The output of the program is as follows.

10 + i * 20

In this case, the properties real and imaginary merely provide other names for the fields a and b. In the constructor, values are assigned to the properties real and imaginary and the set accessors for these properties are called. This updates the fields a and b.

It would have been possible for the properties real and imaginary only to provide a get accessor. This would deliver read-only access to the fields a and b. Likewise, only the set accessor could have been defined, delivering write-only access to the fields a and b. Often properties that are associated with a field are used to restrict the range of values that can be assigned to the field.

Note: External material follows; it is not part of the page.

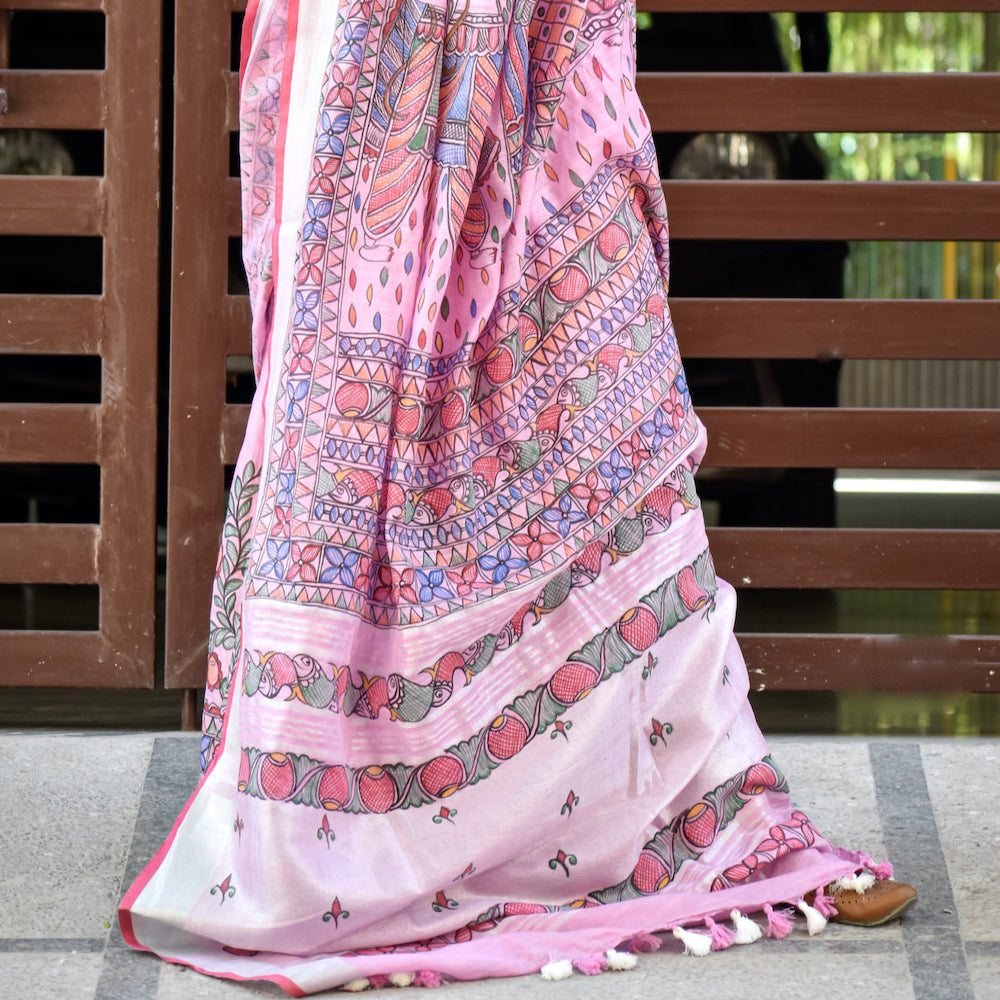Madhubani Hand-Painted Pink Linen Saree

Not all properties have to be directly associated with a field as for the previous example. Properties are often quantities obtained from a computation. Extending complex, we obtain a number of new properties, which are not associated directly with a field. Added are properties for the modulus and argument of a complex number. These properties are the results of computations and are thus read-only properties.

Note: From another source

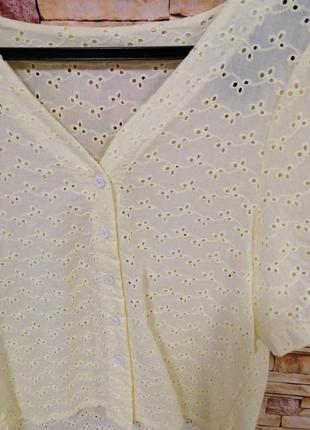 Блуза-рубашка из натуральной ткани хлопок прошва разные цвета2 фото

// property_b - properties - modulus and argument

class complex
{
    a
    b

    complex() { a = 0.0 b = 0.0}

    complex(aset) { a = aset b = 0.0 }

    complex(aset bset) { a = aset b = bset }

    real
    {
        get {return a}
        set { a = value }
    }

    imaginary
    {
        get { return b }
        set { b = value }
    }

    to_string()
    {
      return a.to_string() + " + i * " + b.to_string()
    }

    norm { get { return a * a + b * b } }

    modulus
    {
        get { n = norm return n.square_root() }
    }

    argument
    {
        get
        {
            if a == 0.0 && b == 0.0
                return 0
            else
            {
                d = b / a
                return d.arc_tan()
            }
        }
    }

}

property_b()
{
    c = new complex()
        
    c.real = 10.0
    c.imaginary = 20.0
        
    s = c.to_string()
    s.println()

    m = c.modulus
    s = "modulus == " + m.to_string()
    s.println()

    a = c.argument
    s = "argument == " + a.to_string()
    s.println()
}

The output of the program is shown below.

10 + i * 20
modulus == 22.36067977499789805051477742381393909454345703125
argument == 1.10714871779409040897235172451473772525787353515625

The modulus of a complex number is the length of a vector whose base is the origin and whose tip is the complex number (plotted on a 2d coordinate system). Pythagoras' theorem is used to obtain the formula for the modulus of a complex number. The argument of a complex number is the angle it makes with the x-axis. The arctan function is sufficient to calculate the argument.